NEW DELHI: The Supreme Court on Friday said since preventive detention is a serious invasion of personal liberty, the authorities concerned must strictly adhere to whatever little safeguards provided under it.
A bench of Chief Justice U U Lalit and Justices S Ravindra Bhat and J B Pardiwala pointed out the normal methods open to a person charged with commission of any offence to disprove the charge or to prove his innocence at the trial are not available to the person preventively detained.
“The preventive detention is a serious invasion of personal liberty and the normal methods open to a person charged with commission of any offence to disprove the charge or to prove his innocence at the trial are not available to the person preventively detained," the bench said.

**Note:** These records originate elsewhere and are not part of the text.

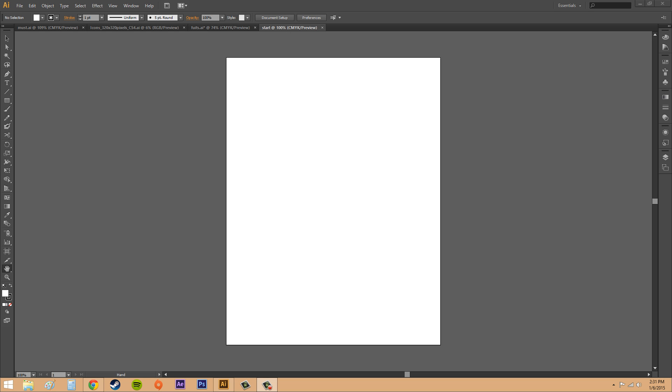Hey everybody, welcome to another Illustrator CS6 tutorial. Today we're going to be going over something that you probably don't even know about, which is called the document options or the document setup.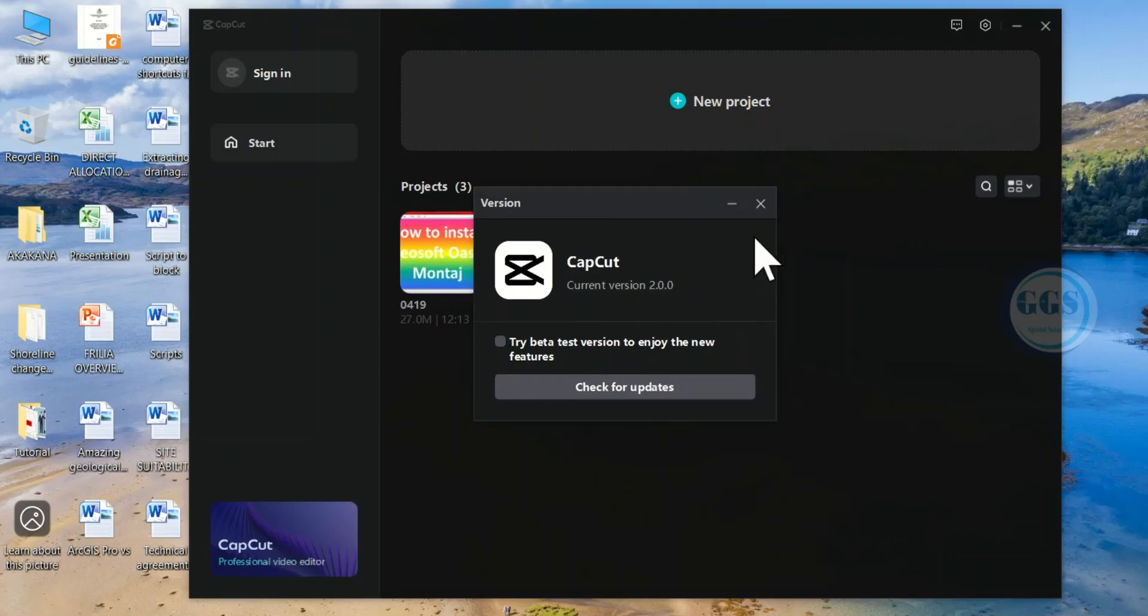By so doing, you will stop it from automatically updating itself to a higher version. I hope you like this video. Thank you for watching.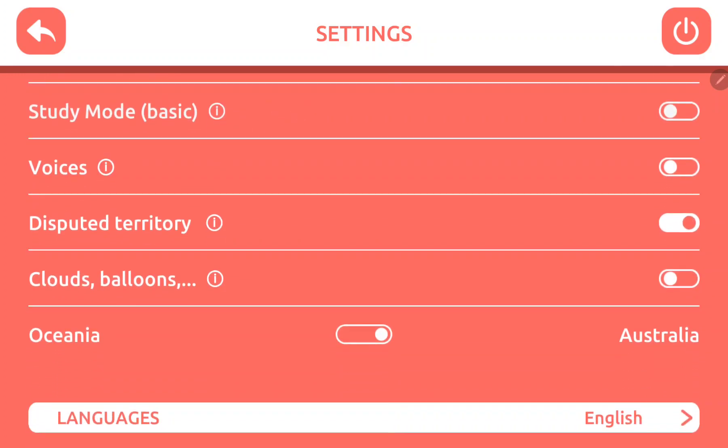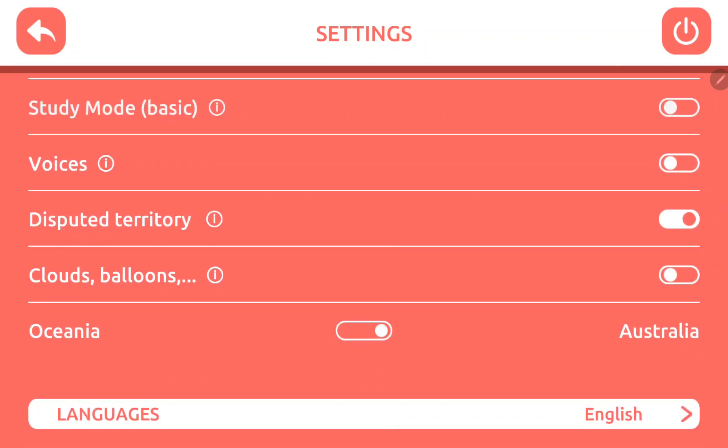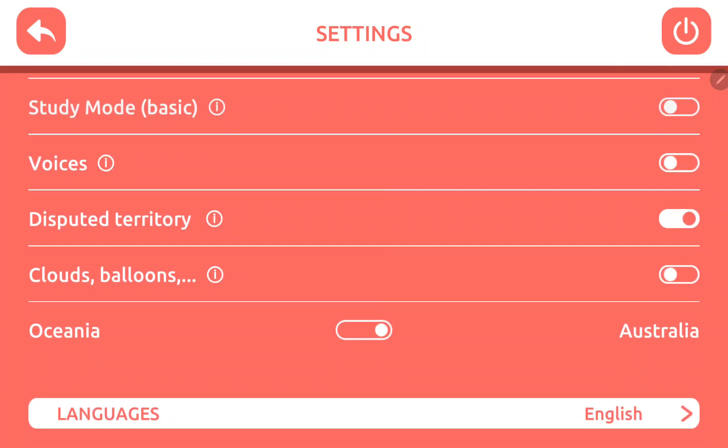scroll down, and the seventh option, the clouds balloons option, and if you want to enable or display it, just click the white circle to turn it on.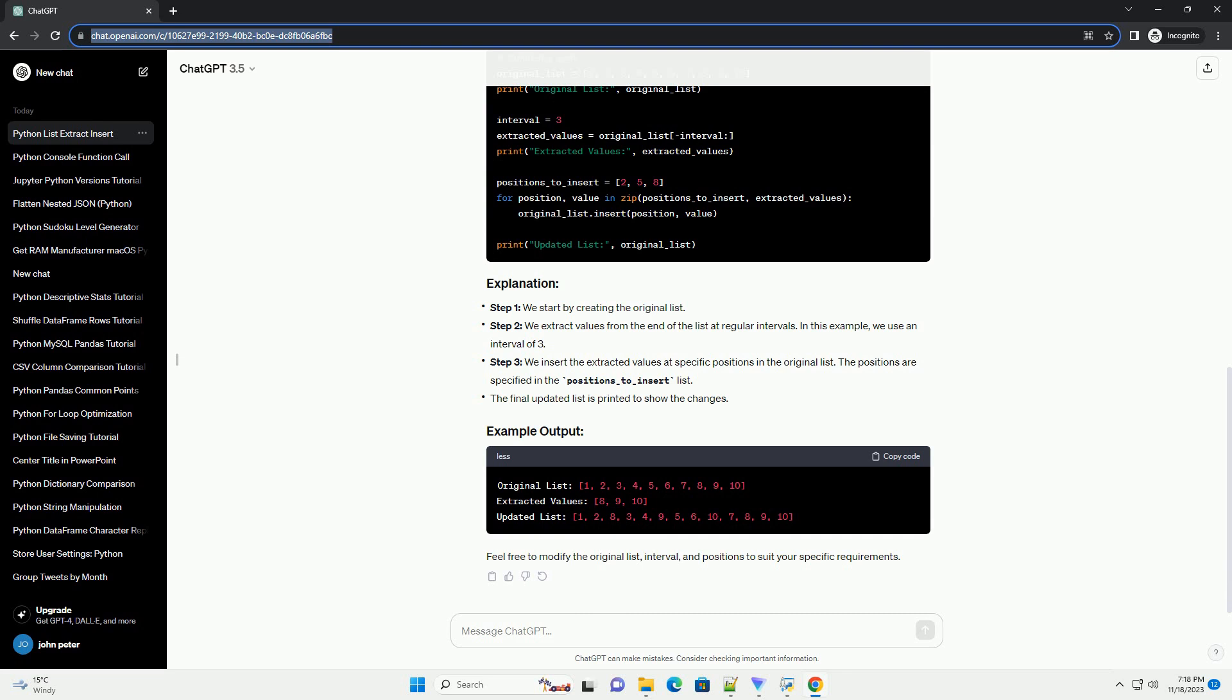The final updated list is printed to show the changes. Feel free to modify the original list, interval, and positions to suit your specific requirements. Chat GPT.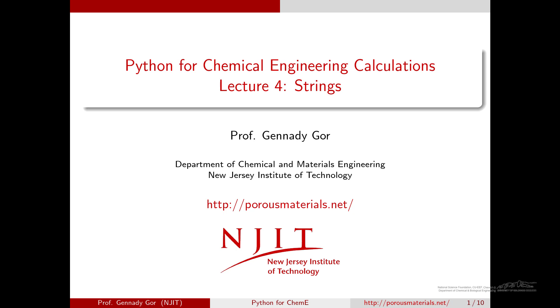Hello and welcome to the fourth video of Python for chemical engineering calculations. In this video I'm going to be talking about strings.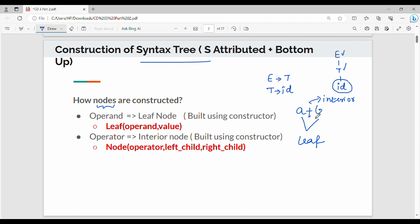Next is the operator node, that is the interior node. Here we create a leaf node and here we create an interior node — that is the representation node. We pass parameters: operator, left child, right child.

The bench said in cases of preventive detention, it becomes very imperative on the part of the detaining authority as well as the executing authorities to remain vigilant in passing the detention order.
Acting on a plea by Sushanta Kumar Banik, the top court quashed the preventive detention order passed by the Tripura government on November 12, 2021 and ordered his release forthwith from custody.
Banik approached the top court challenging the Tripura High Court order of June 1, 2022, which rejected his application questioning the legality and validity of the detention order.
The bench pointed out that it appears the order of preventive detention came to be passed essentially on the ground that in the past two FIRs were registered against the appellant for the offences punishable under various sections of NDPS Act and he is a habitual offender.
“However, what is important to note is that in both the cases registered under the NDPS Act, 1985, the appellant herein was ordered to be released on bail by the special court, Tripura,” the court said.
If the appellant was ordered to be released on bail despite the rigours of Section 37 of the NDPS Act, 1985, then the same is suggestive that the court concerned might not have found any prima facie case against him, the bench said.
“Had this fact been brought to the notice of the detaining authority, then it would have influenced the mind of the detaining authority one way or the other on the question whether or not to make an order of detention. The State never thought to even challenge the bail orders passed by the special court releasing the appellant on bail," the bench said.